I remember that when I was first told about this law during a microeconomics course, all students were like, wow, really, that's great. Then we were told that in 1979 a paper in Econometrica showed that Hotelling's law depends on the shape of the cost function. Too bad. Then we learned that another paper in Econometrica, several years later, showed that the principle of minimum differentiation does hold when products and consumers are heterogeneous. That's when class ended.

Of course, these models are based on various stylized assumptions and describe patterns that occur given the underlying assumptions, which are not necessarily those that occur in practice. Hotelling assumed that retailers sell one product, but in fact they sell many and importantly variations on the same product. If consumers want to compare the products of different stores before making a purchase then clustering makes sense.

I'm not familiar with the latest research in urban economics and economic geography, if you know of any recent work in this area, please do drop me a line, as I'm intrigued.
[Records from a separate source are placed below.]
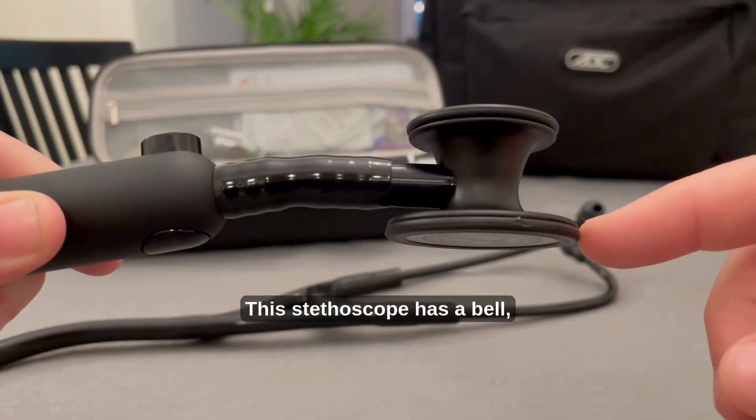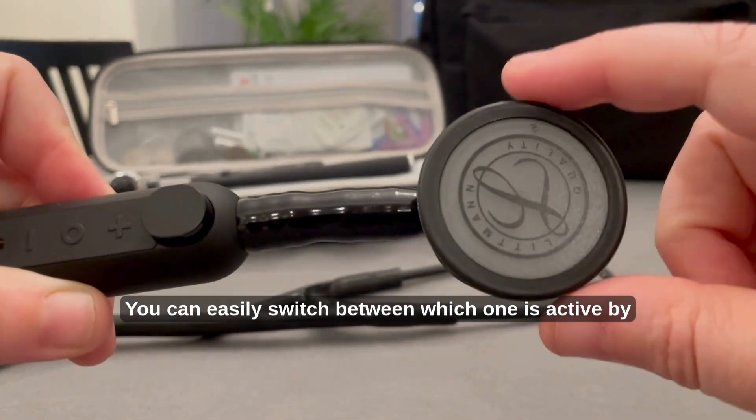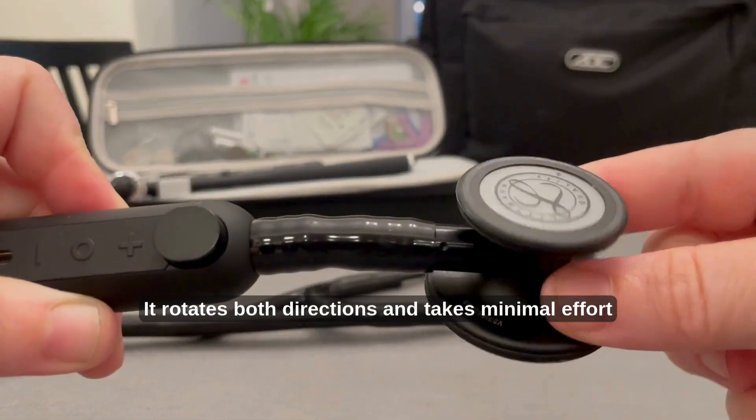This stethoscope has a bell, the smaller piece, and a diaphragm, the larger piece. You can easily switch between which one is active by rotating the chest piece until it clicks. It rotates both directions and takes minimal effort to switch.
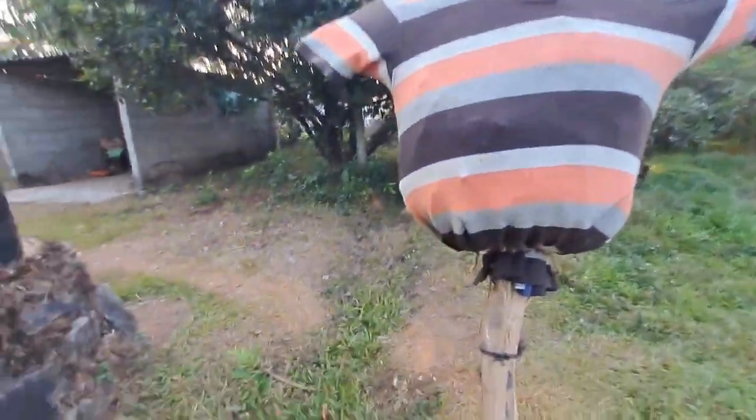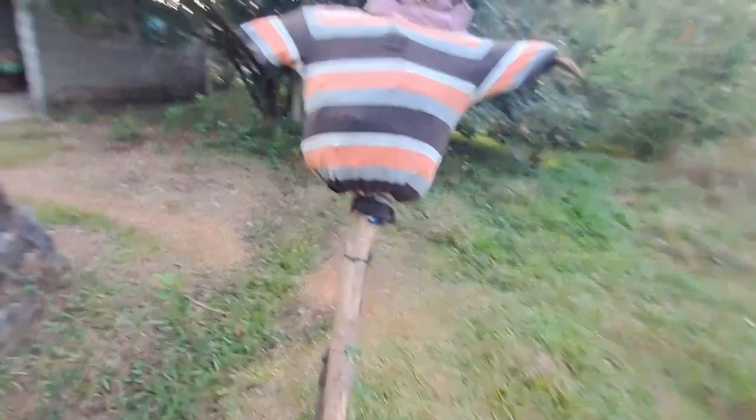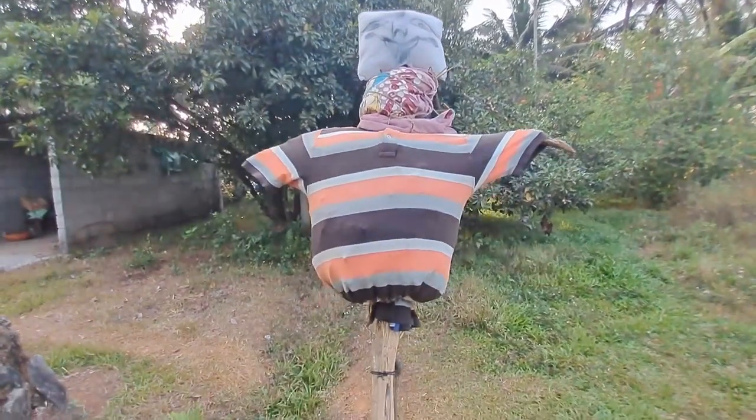We put it inside here, and then it makes a sound. So I like his tummy. It looks like a thief, you know — like he will go inside a building and steal.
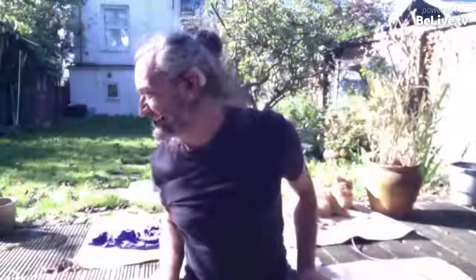Look how lucky am I — the sun comes out for me so I can be in my lovely garden. I've had a little practice already and I've got no agenda really, let's see what we've got going on.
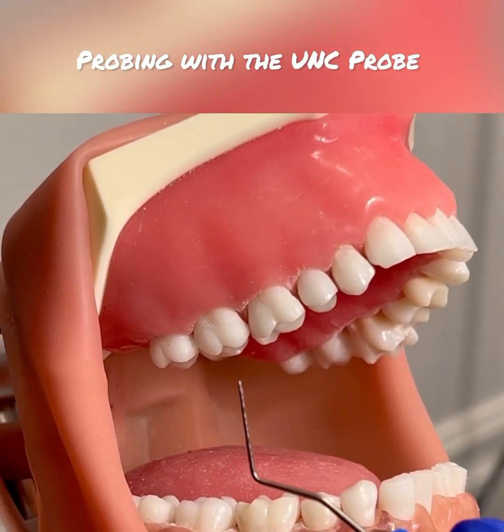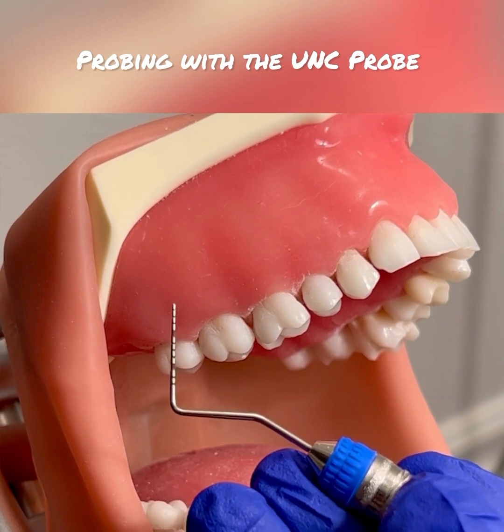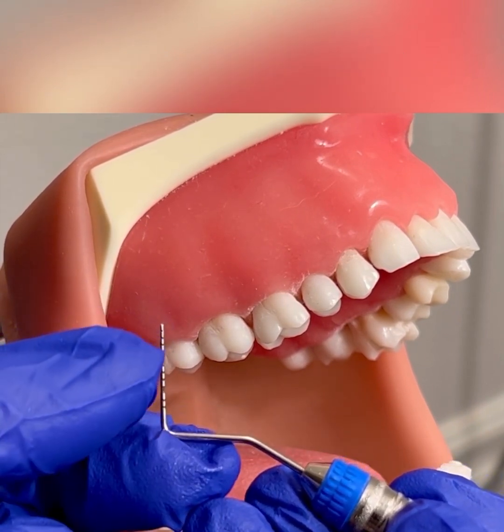In this video I am going to demonstrate probing with the UNC probe. The UNC probe has one millimeter markings.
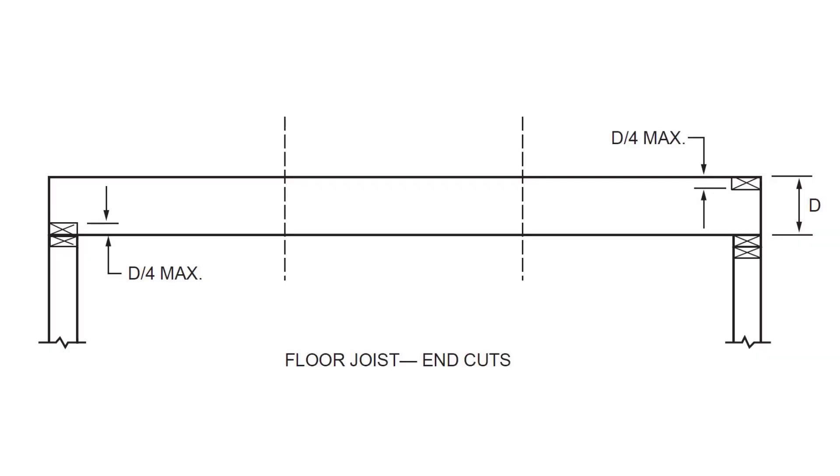Next, we'll talk about notching — what if you want to cut underneath the floor joist? There are two rules to look at: one is a notch at the very end of the joist, and another is a notch in the middle of the joist. If you're going to notch at the end of a joist, you can take away 1/4 of the joist depth. So if it's a 2x8, you can remove a little bit less than 2 inches, which would be 1/4 of an 8-inch member.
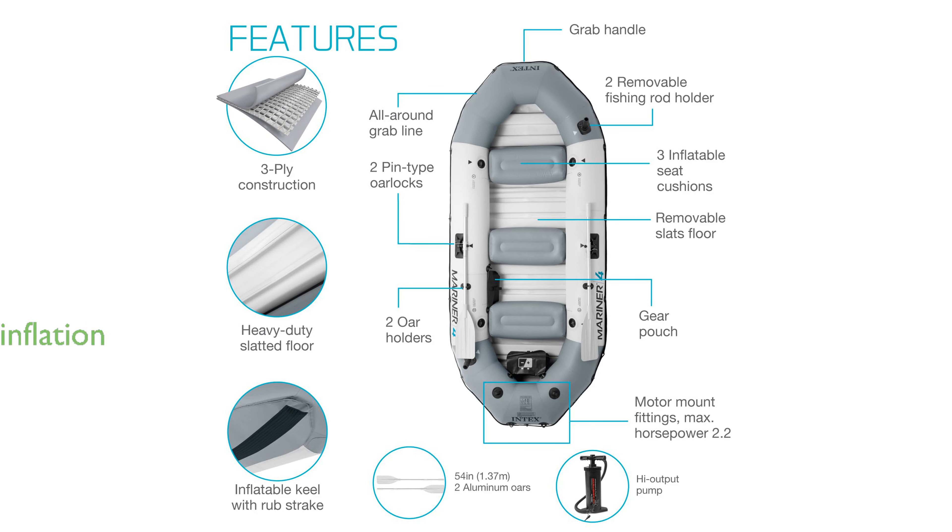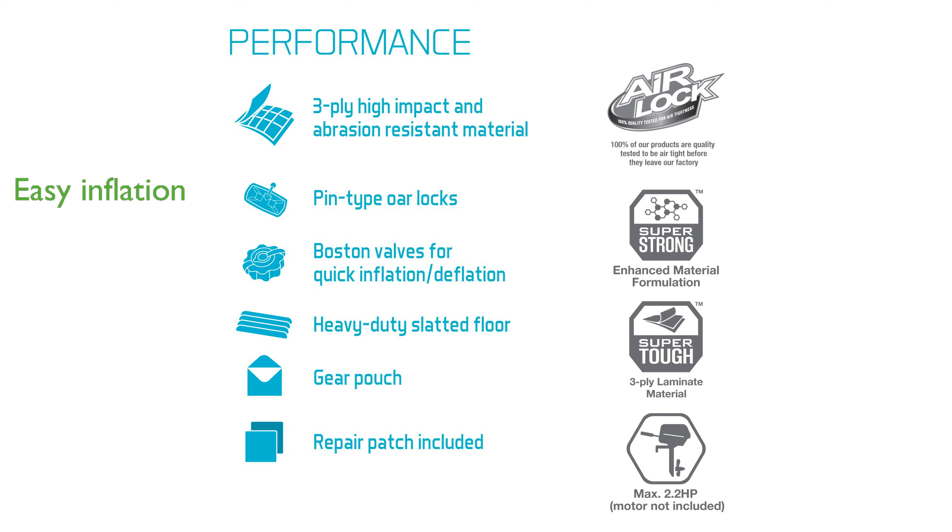Inflating and deflating the boat is a breeze, thanks to the two quick-fill Boston valves, allowing you to get on the water faster.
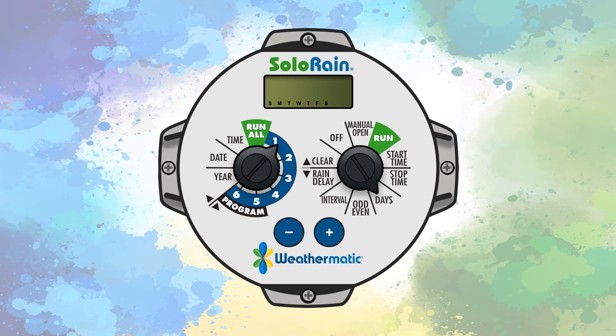Pressing either the plus or minus button will advance through the days of the week. If you prefer to use an odd or even watering cycle, turn the set dial to the odd-even position. An O indicates odd days and an E indicates even days. Use the plus or minus button to select the desired option.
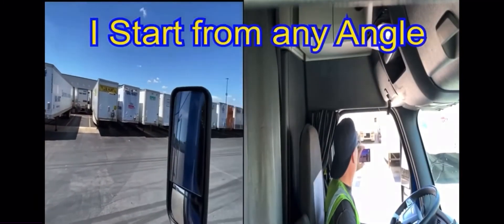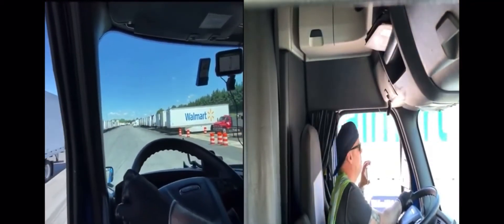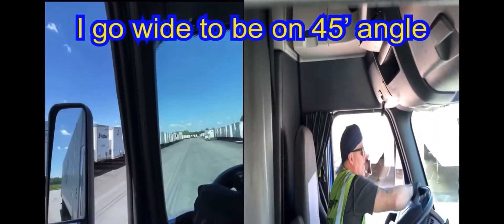There goes a spot right there! And I'm all the way over here. So this is how I'm gonna do it — just gonna keep moving, it's clear, so I'm gonna go right in there and cut in.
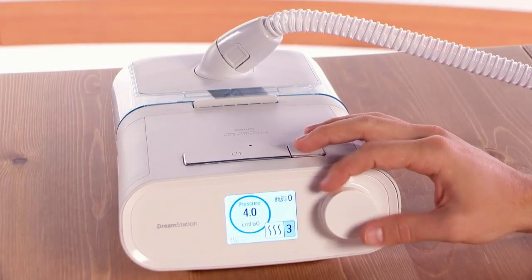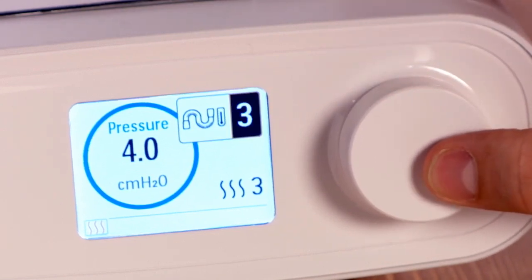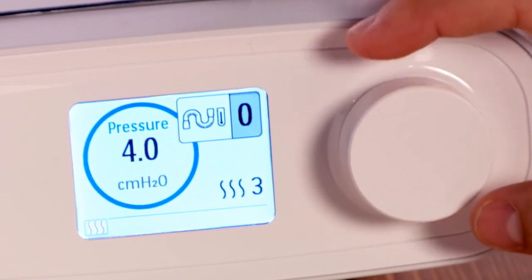If you're using a heated tube, you adjust the humidification in the same way. You can also adjust the heated tube temperature setting from 1 to 5. If you would like to turn off the heated tube, adjust your setting to 0.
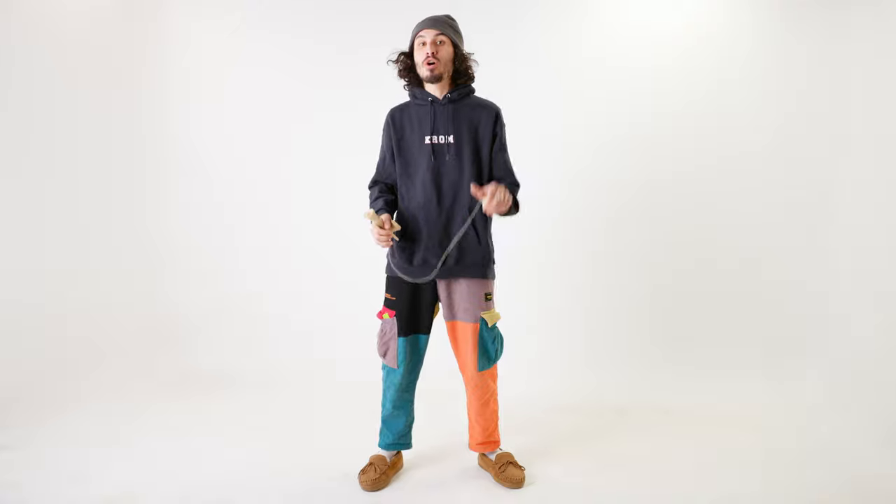Get out there, grab your kendama, and practice the Moshikame. Once you can get it five times, you're ready to move on to the next portion of this video.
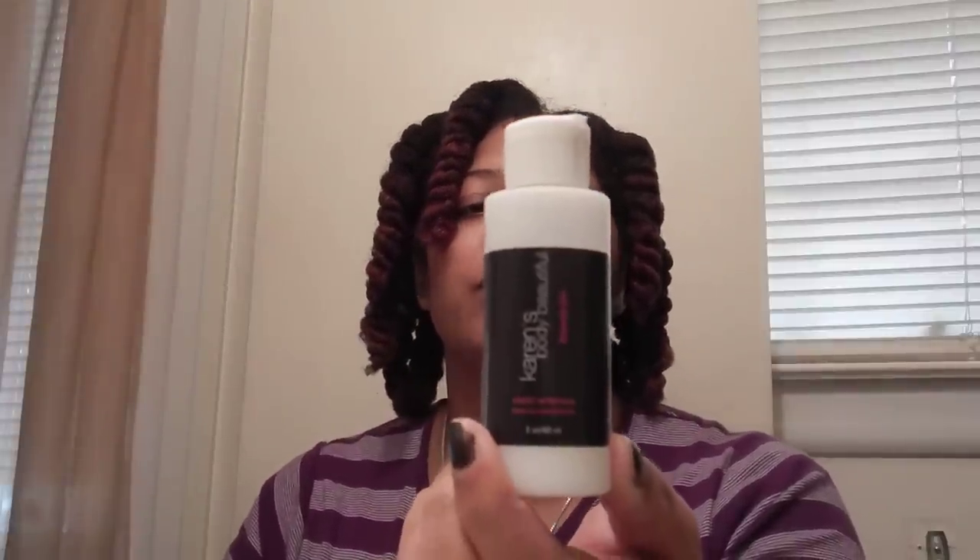Then I went into each twist and added in some leave-in conditioner. I used the Karen's Body Beautiful Sweet Ambrosia Leave-In Conditioner. I really like this conditioner when blow drying and flat ironing because it's very, very light, so I chose this one to use.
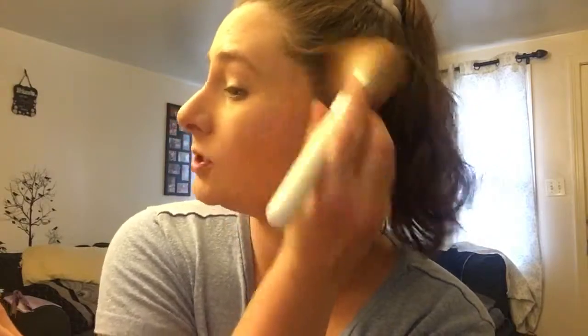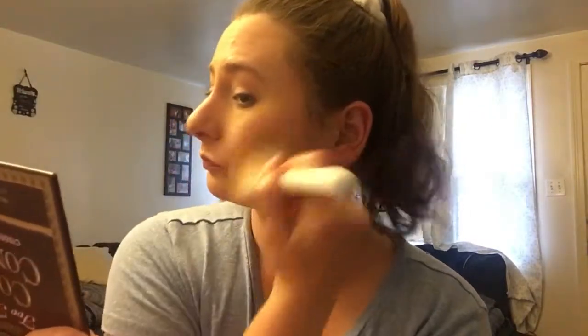Yeah, in my other video I mentioned I'm going to see Wizard of Oz at my daughter's school — like a musical. One of her friends is a munchkin, so I think it would be fun to go watch and support. I'm just doing a simple, simple makeup look. I don't want to look all done up for it.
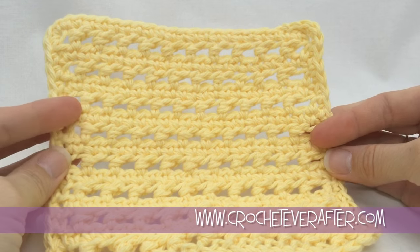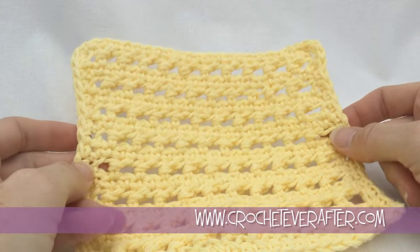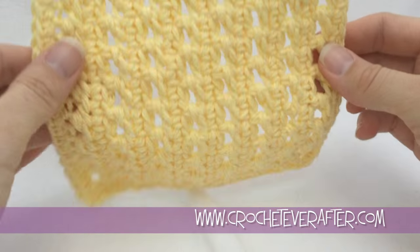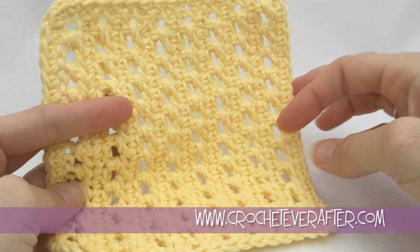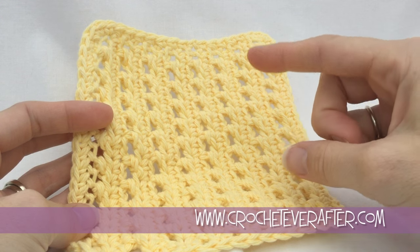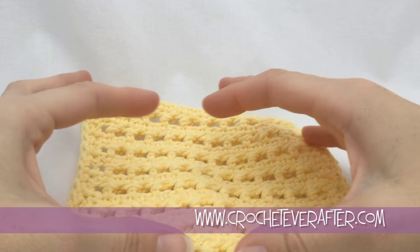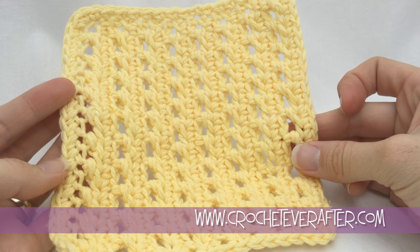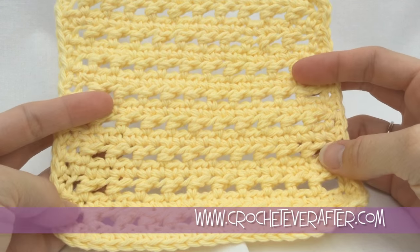All right, here we are woven in. You can see the four sides are all nice and even because we left that extra side of single crochet off. I like this — it's kind of a cool vertical pattern too if you turn it sideways, which could make a cool scarf pattern. You could make a really long foundation chain and work the rows, making it the length of the scarf you want, and when you turn it it's going to be like a vertical scarf. If you have any questions leave them below, and thank you for watching.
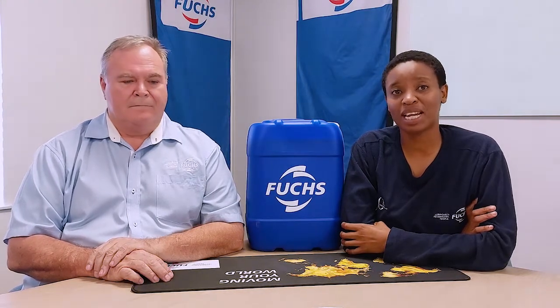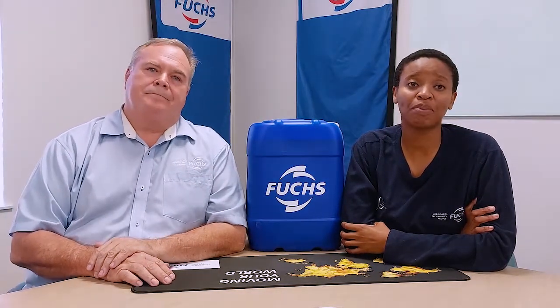To overcome or minimize the challenge, the Fuchs Renoline CLP range offers you the highest performance with outstanding EP additives, which are your extreme pressure characteristics, and also better load carrying capacity. Although there's a vast range of viscosity within the CLP range — for example ISO 46, 220, 320, 460 right up to 30,000 centistokes which is very very thick.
My hunch is that it depends on the type of goods or services. It makes sense for a manufacturer of shoelaces to set up shop in an area where there are also shoe sole retailers. For a dentist it makes sense to go to an area where there are few other dentists. The same probably holds for hairstylists. At least I've never come across a street lined with hairstylists.

The original Hotelling paper starts from an empty space and the relocation occurs in no time. The current situation in Istanbul, Delhi and Hong Kong has grown historically and may not reflect current competitive pressures. I'm not sure how many retailers from outside Istanbul will come to Istanbul looking for a place to sell their expertly crafted wooden lasts. It seems more likely that the agglomerations grow from within, with people starting their own business after working as an employee somewhere else. Then it makes sense to stay in the neighbourhood. It is also likely that retail locations are in part determined by legislation and town planning.

By the way, there was also a street lined up with satellite dish vendors, one of the hottest commodities in Istanbul.